Oh, and it gets worse. If you’re over 30, you’ll pay $19.99 a month. In other words, you’re penalized for raising the average age.
Needless to say, the Twittersphere isn’t too happy about it:
— Xander Jarowey (@XJarowey) March 3, 2015
So, what happened here?
Since being released in September 2012, Tinder has grown into a huge network: over 50 million users generate 1.6 billion swipes and 26 million matches per day. That’s a lot! To be honest, I’m not afraid to say that I know quite a few couples that met on Tinder. Whether or not you’re an advocate of online-dating, there’s little evidence to suggest it isn’t popular.

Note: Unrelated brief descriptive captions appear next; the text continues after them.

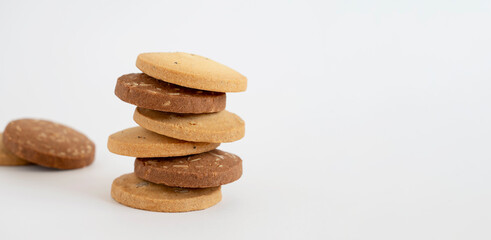 pile of cookies on white background.  山積みのクッキー 白背景。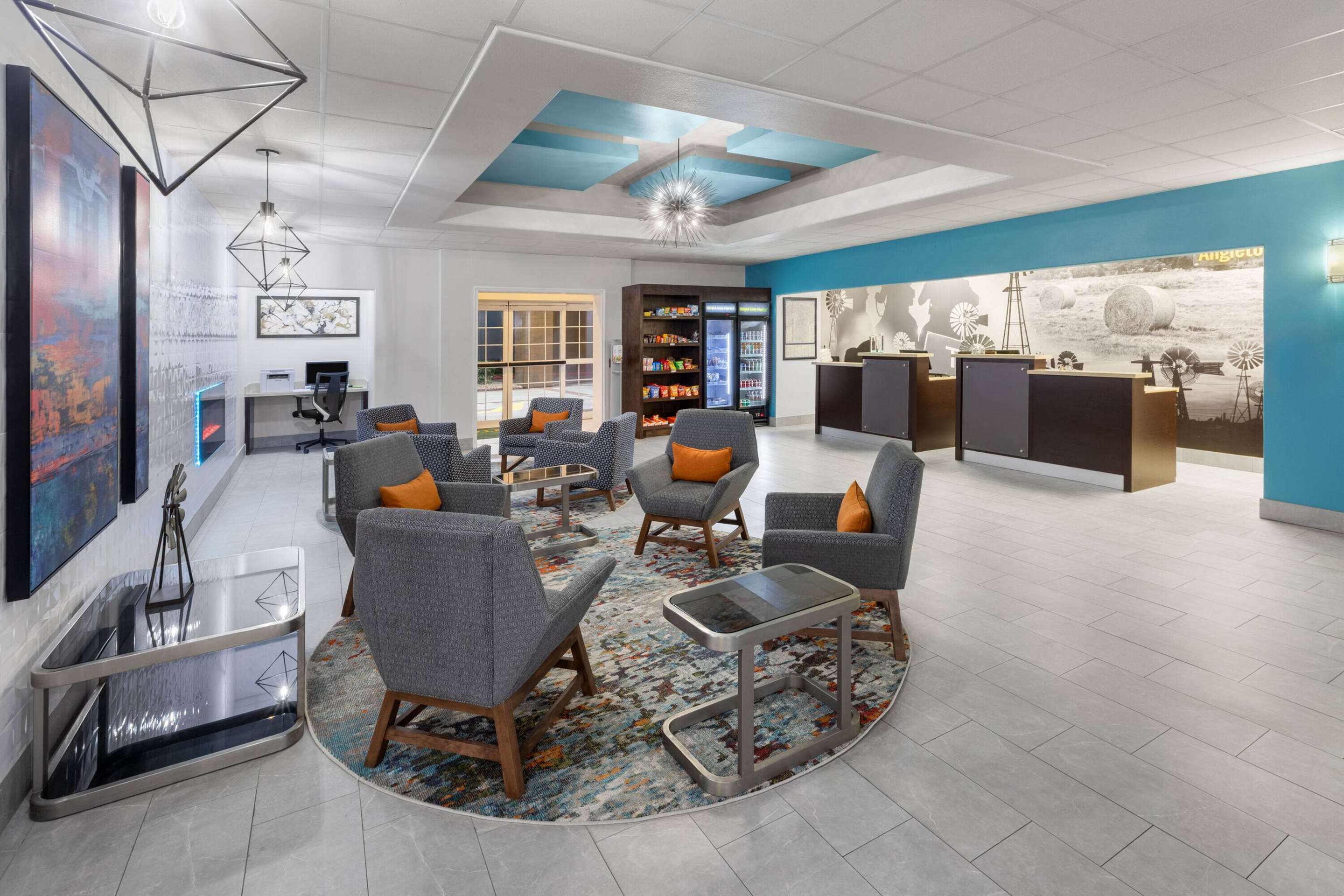 Lobby | La Quinta Inn & Suites by Wyndham Angleton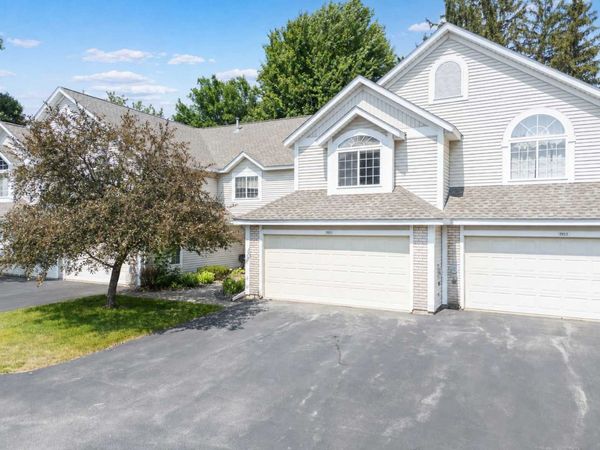 1953 Waterford Place SW, Rochester, MN 55902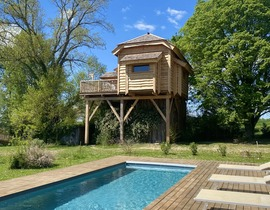 Cabane sur Pilotis avec Jacuzzi Privatif à Beauville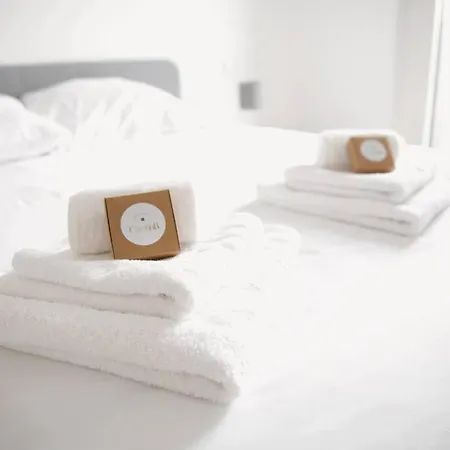 Beautiful 2br In Kirchberg 아파트 *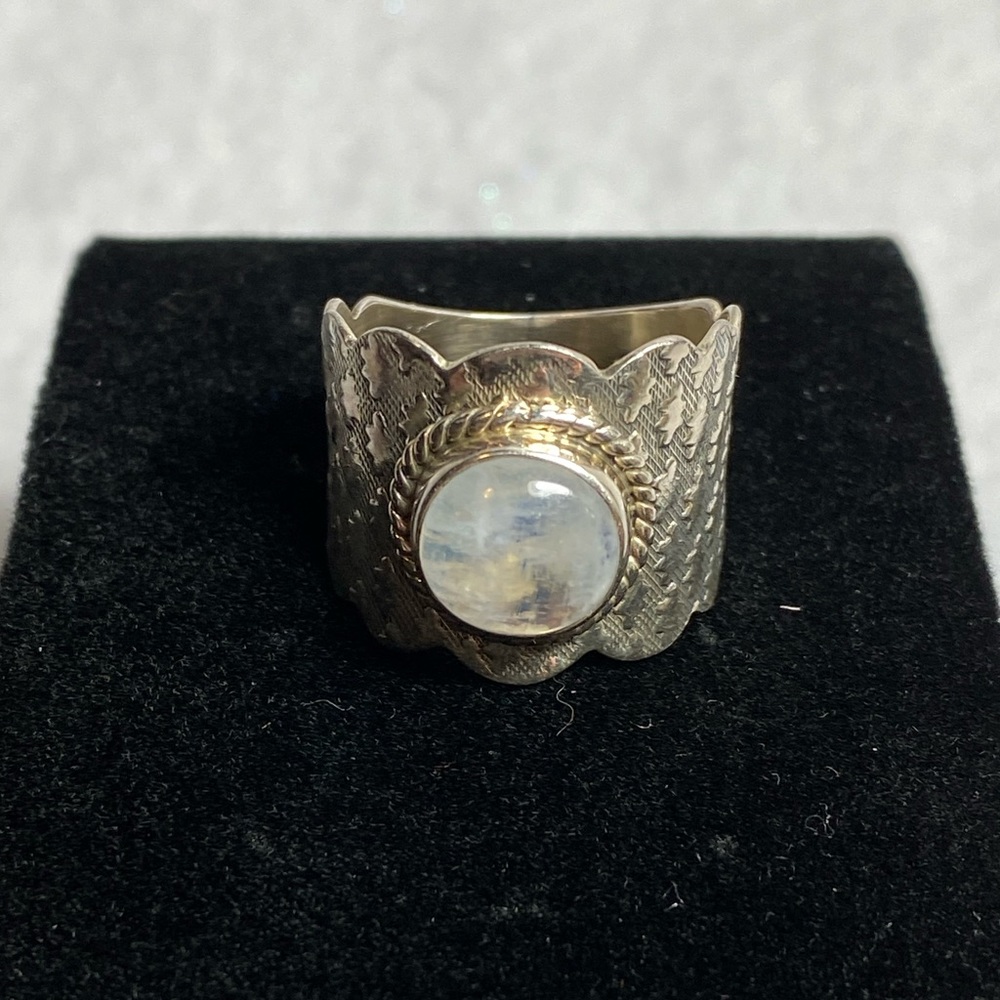 Moonstone ring set in sterling silver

In fact, now it’s so popular that the owners have decided to make money with it – and that’s a common trend. Many apps that market themselves with being “free” offer in-app purchases, and (popular) apps that used to be completely free are slowly but surely transitioning into monetized versions.
Tinder is a prime example. It gave you an appetizer for 2 years; if you want the full meal, you’ll have to pay for it.
There’s Money To Be Made Everywhere.
Even Facebook, one of the flagship social networks, gives users the option for in-app purchases. Whether it’s advertisements that include the “buy” button or simply buying credits for a game – Facebook has found a way to make money from users.
Shazam, the popular music recognition app, let’s you not only recognize the track – but can also redirect you to iTunes so you can purchase it immediately.
LinkedIn – both online and on mobile – is free at first, but the premium options are available only with a (pricey) subscription.
And games with upgrades and in-app purchases? Well, there’s too many to list. Some of them are even backed by national TV advertising campaigns.
Weight It Out: Advertise or Monetize?
Sure, there are plenty of apps out there that are free, and that don’t pester you with in-app purchases. But this is America. This is the land of opportunity. And those opportunities are – more often than not – dictated by money.
So, when you’ve developed a popular app that thousands of people are using, you’d be stupid not to grasp the chance of making bank – whether that be with advertisements or by charging for using it – and that’s exactly what Tinder is doing.
The problem? Many people used Tinder as a matchmaker for the simple fact that it was free. Let’s see how long it’ll last now that they’ve messed with one of their strengths.
At EPIC, we work to make our clients profitable. The key is to walk the fine line between making money and keeping your customers happy. I say: If it ain’t broke, don’t fix it.